Even at seventy-nine years old, Korling developed, as an improvement on the conventional pan head tripod camera mount, a gimbal triaxial universal camera mount permitting the pivoting of the camera about three axes: a vertical axis, a horizontal axis, and a central lens axis; his 'Optipivot' allows the photographer to focus on a scene and then move the camera in any direction and still stay in focus with relation to the subject.

==Photographer==
A logging company in Wisconsin hired Korling to take pictures of landholdings it planned to sell. A Chicago magazine editor hired him in 1926 to take pictures of the city and Korling moved there. A friend encouraged Korling to show his pictures to a Chicago ad agency art director, and his career as a commercial photographer was launched. From the 1920s through the 1950s Korling was extensively published in Fortune and Life magazines and did annual reports for major companies; Container Corporation of America, Dow Chemical, and Standard Oil of California. His shot of business executives meeting in a boardroom of modern design was chosen by Edward Steichen for the world-touring Museum of Modern Art exhibition The Family of Man which was seen by 9 million visitors. From the late 1940s to 1962 he was granted access to RR Donnelley's Chicago and Crawfordsville facilities, producing more than 300 images for them at a time when the company carefully guarded its innovations.  He was favoured for his ability in staging and capturing the essential steps in manufacturing processes, often in the one image, since he rarely made more than one shot at each location. At the same time as being documentary, Korling's Donnelly images are modernist in their composition, treatment of surface, and lighting. In making his architectural photographs Korling never cropped his pictures and relied on available light whenever possible.

Korling’s portrayal of children, in their own homes rather than in the studio, with his Graflex fitted with his automatic diaphragm and multiple flash units for lighting were noted in a number of articles as ‘natural’ and unselfconscious  and were promoted by the Graflex company in their advertising. His photograph of his son Peter’s hand in his was seen widely as used in an insurance promotions that won the 1937 National Advertising Award.

==Naturalist==
After becoming an important commercial and industrial photographer Korling went back to the subject of plant life for his third career his in old age.  He lived long enough to reconcile his two passions, photographing indigenous plant life across the Midwest and around the country while on corporate assignments. He published several books of his nature work that sold more than 100,000 copies over the last four decades.
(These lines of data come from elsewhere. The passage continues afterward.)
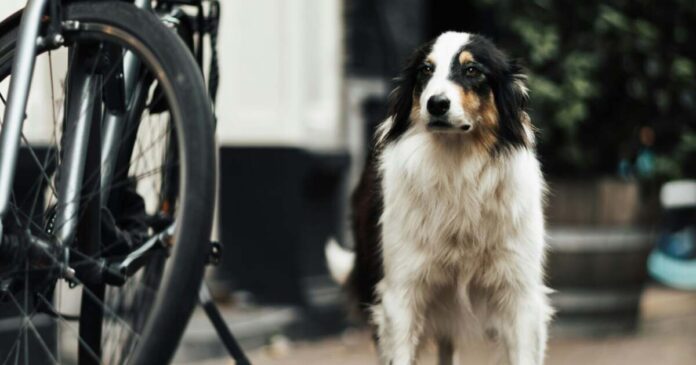 „Bike & Bark cu Maya”: tură caritabilă pe bicicletă pentru câinii salvați de Asociația Furrytales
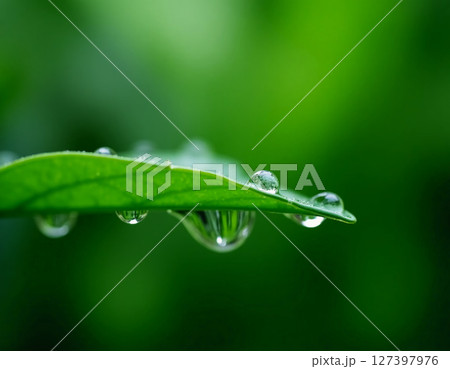 Glistening droplets adorn the edge of a lush green leaf, reflecting the surrounding beauty. The tranquil atmosphere highlights nature's resilience in a bright garden setting Generative AI 127397976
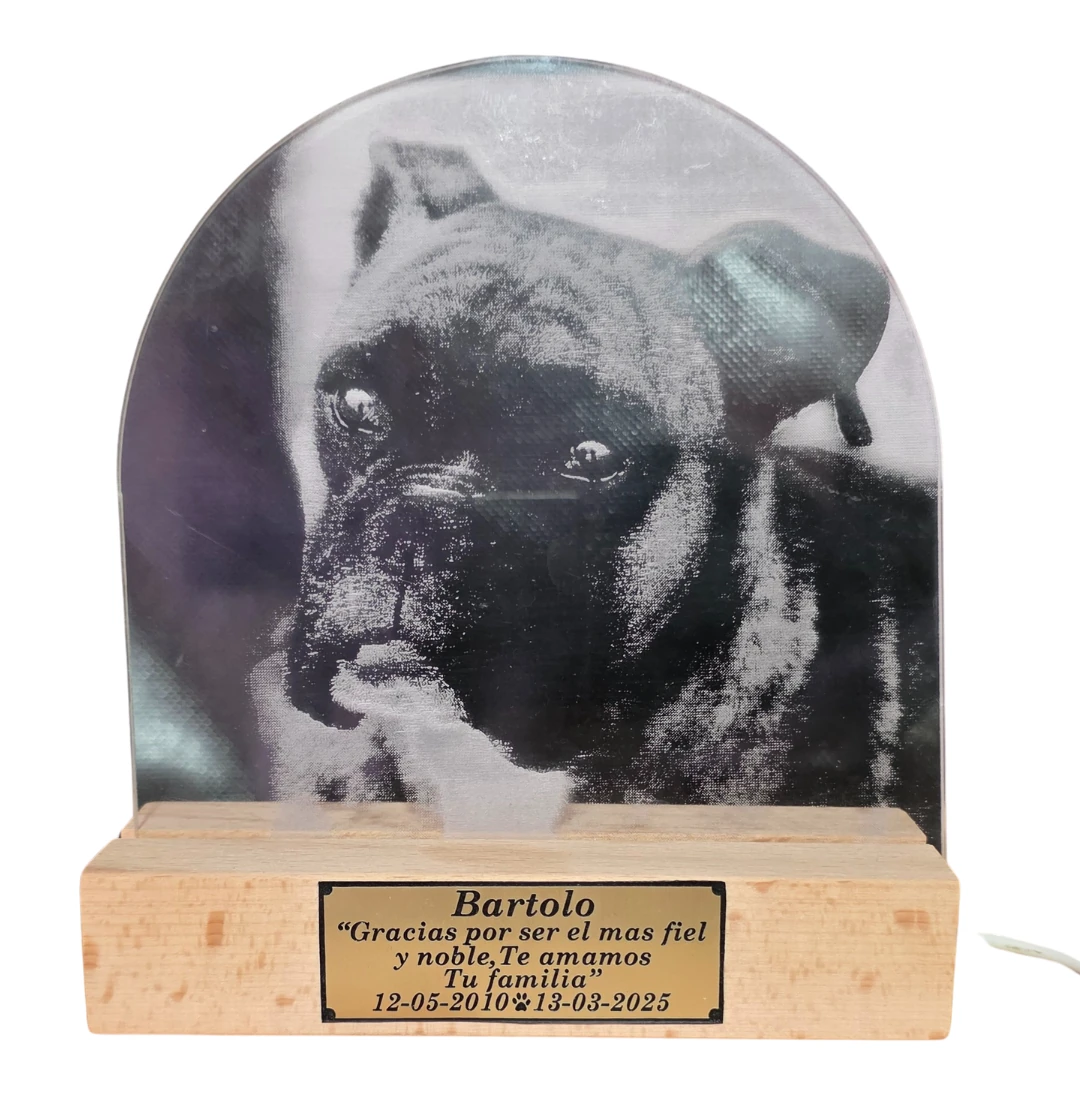 Lámpara LED personalizada con imagen de tu mascota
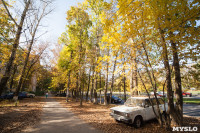 Золотая осень в Тульской области, Фото: 76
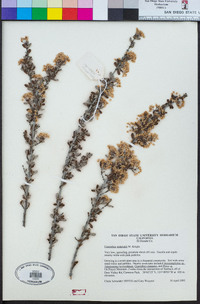 Ceanothus roderickii image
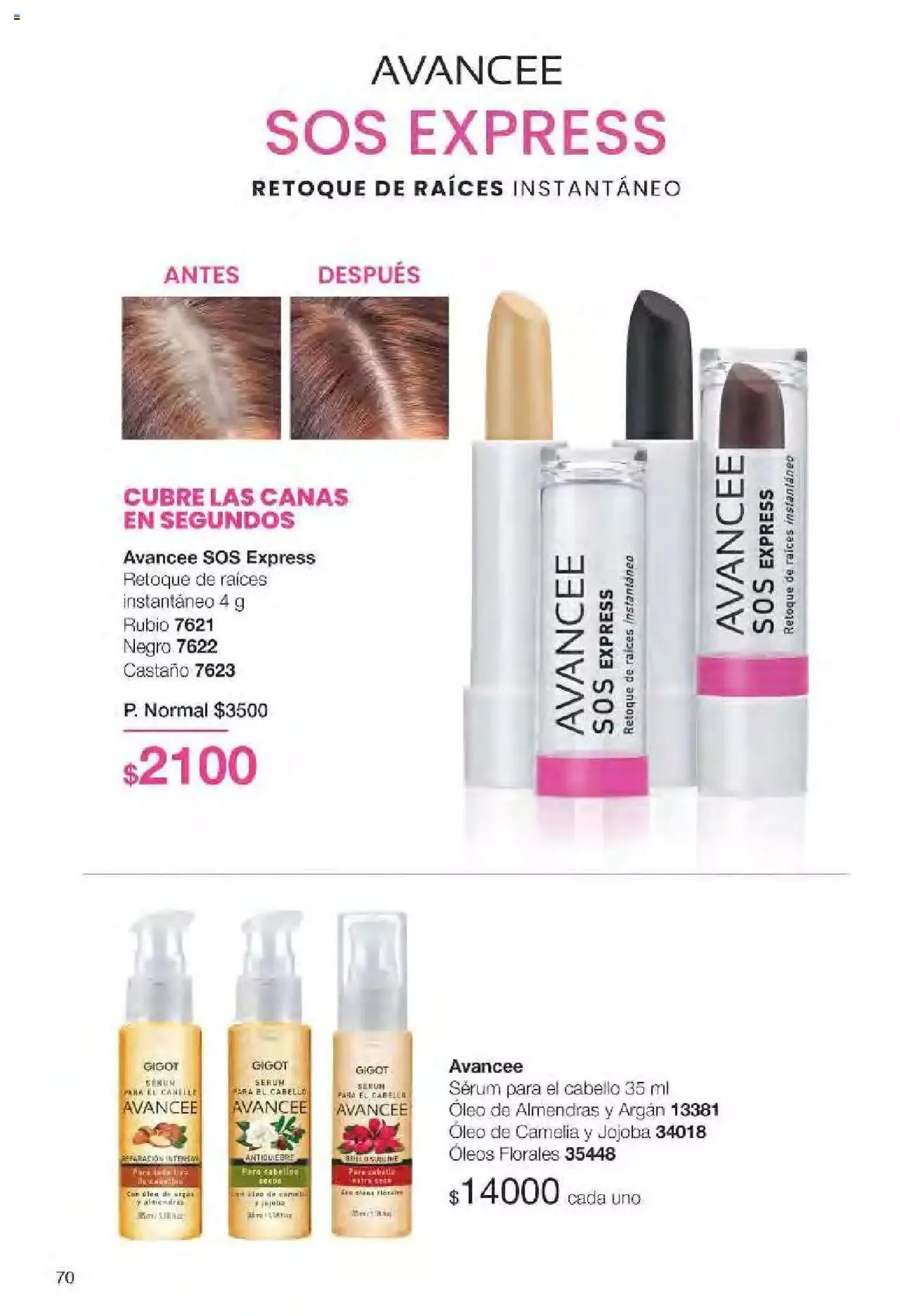 Ofertas de Gigot folleto 6 12 de marzo al 31 de diciembre 2024 - Página 70 del catálogo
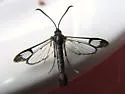 Red Maple Borer - Hodges#2546 - photo 3
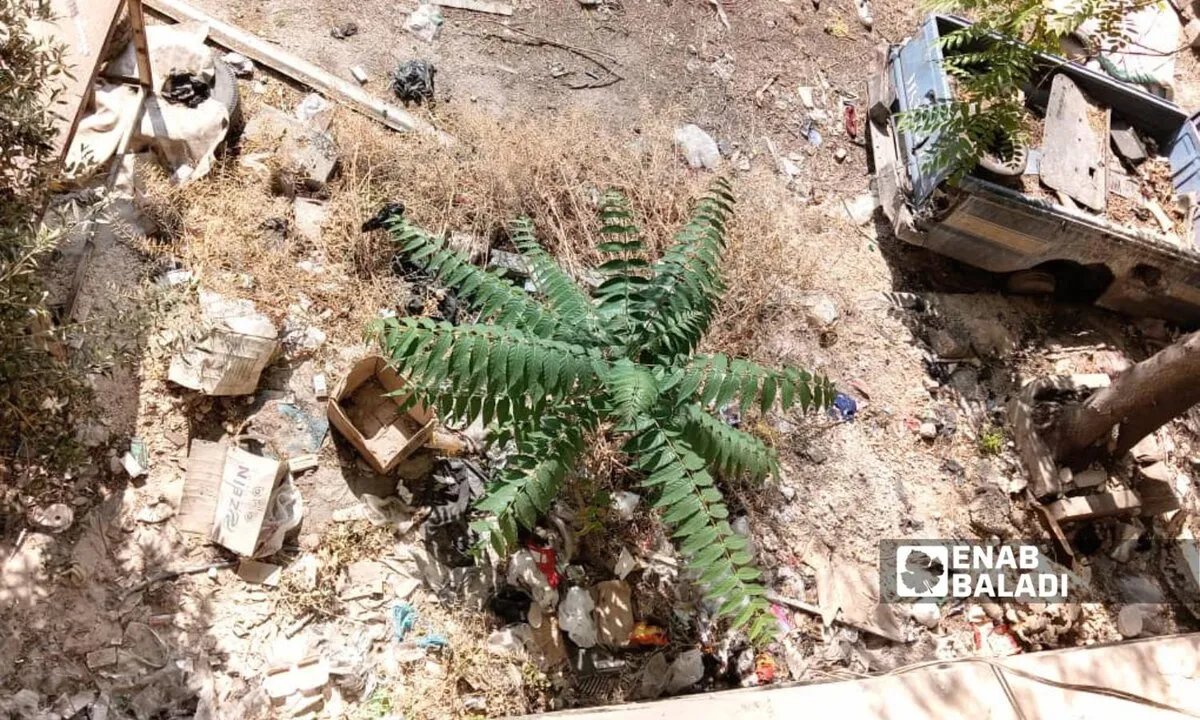 تلوث وإهمال: نفايات فرن "الذرة" بحلب تهدد صحة سكان الميدان وتثير استياءهم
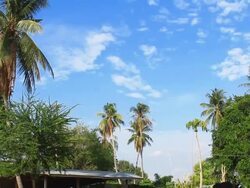 Cow on the farm Stock Footage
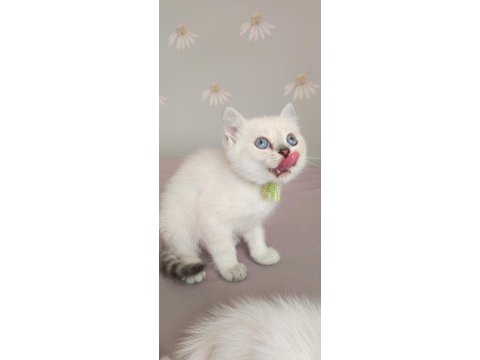 Bursa scottish straight shorthair old eyes bebekler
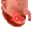hyperhahafuckno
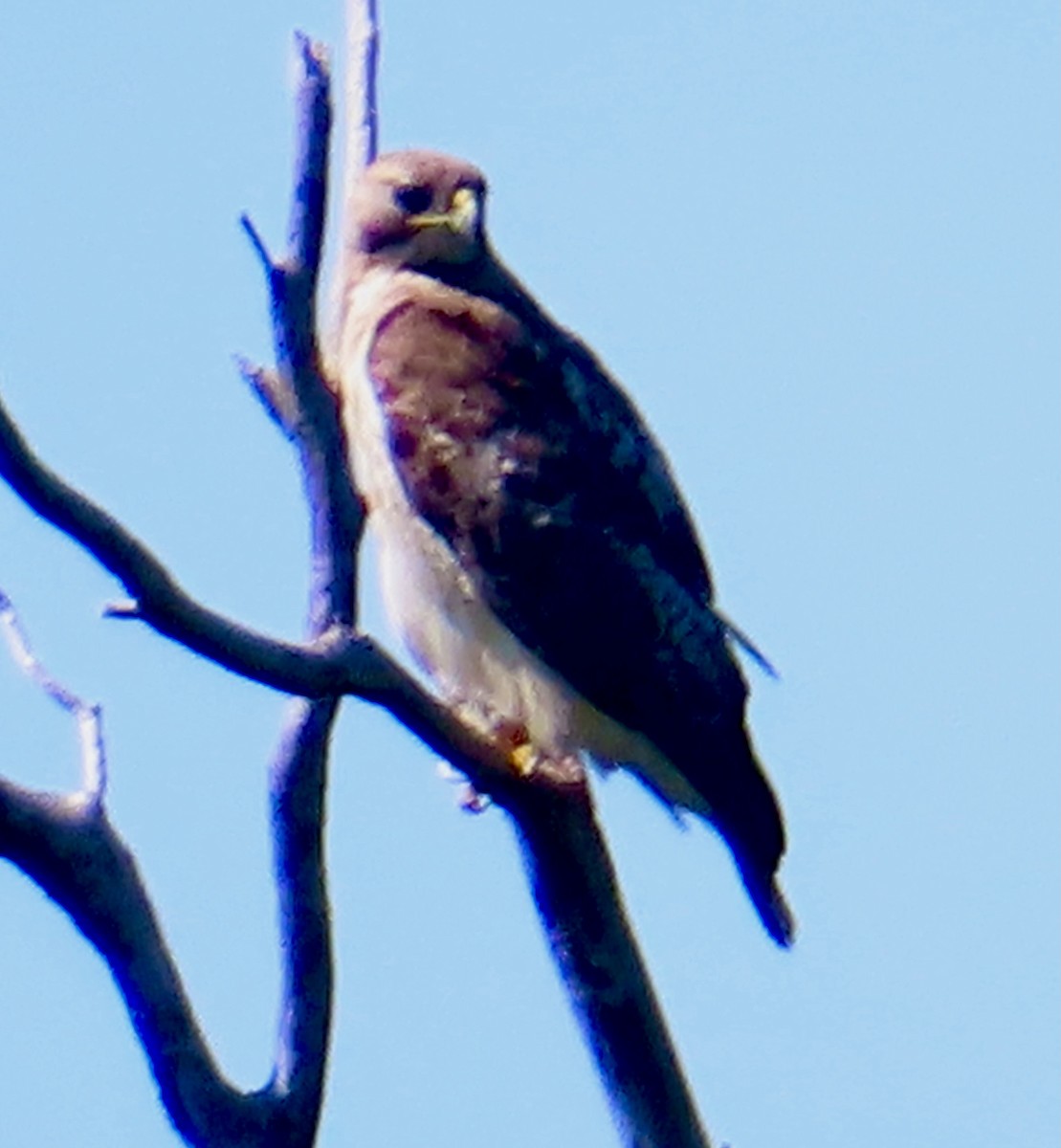 Red-tailed Hawk - ML620897416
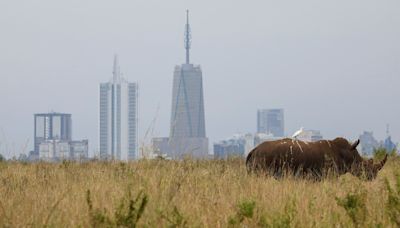 Kenya private sector activity steadies in April, PMI shows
In his book The boreal forest and borders, from nature he remembers as a boy bicycling to the edges of his town on the West coast of Sweden and rediscovering same forest's edge in North America where, he writes, “Natural vegetation everywhere has done considerable retreating in our lifetimes. This book, as will each one in the series, Wild Plants In Flower, aims to provoke an appreciation for what remains, whether you can recollect what once was or not.” In Chicago on 20 acres near Dundee, he designed an arboretum frequently used for his nature studies. He became well known in Evanston during his last two decades.

Korling died at Lakeshore Health Care and Rehabilitation Center in Chicago after a severe stroke in the prior July, and was survived by his former wife, Diane Fawcett Korling; a son, Peter Felix Korling; and two daughters, Jenny Korling Nowlen and Annika Korling. He was remembered at a gathering at Bookman's Alley in Evanston which stocked his books.

==Publications==
- Korling, Torkel. "Eastern deciduous forest"
- Korling, Torkel (2005). "Wetlands and quiet waters of the Midwest"
- Korling, Torkel. "The prairie: swell and swale, from nature"
- Korling, Torkel. "The boreal forest and borders, from nature"
- Buck, Glen. "Fifty years, 1884-1934 : A.B. Dick company"

==Group exhibitions==
- The Art of Commerce: Photographs by Torkel Korling and other Midwestern Photographers for Industry and Advertising,  Kelmscott Gallery,  Chicago Feb. 8–March 12, 1994
- A World of Strangers, Huntington Library, San Marino, California  17 October 17–April 4, 2016.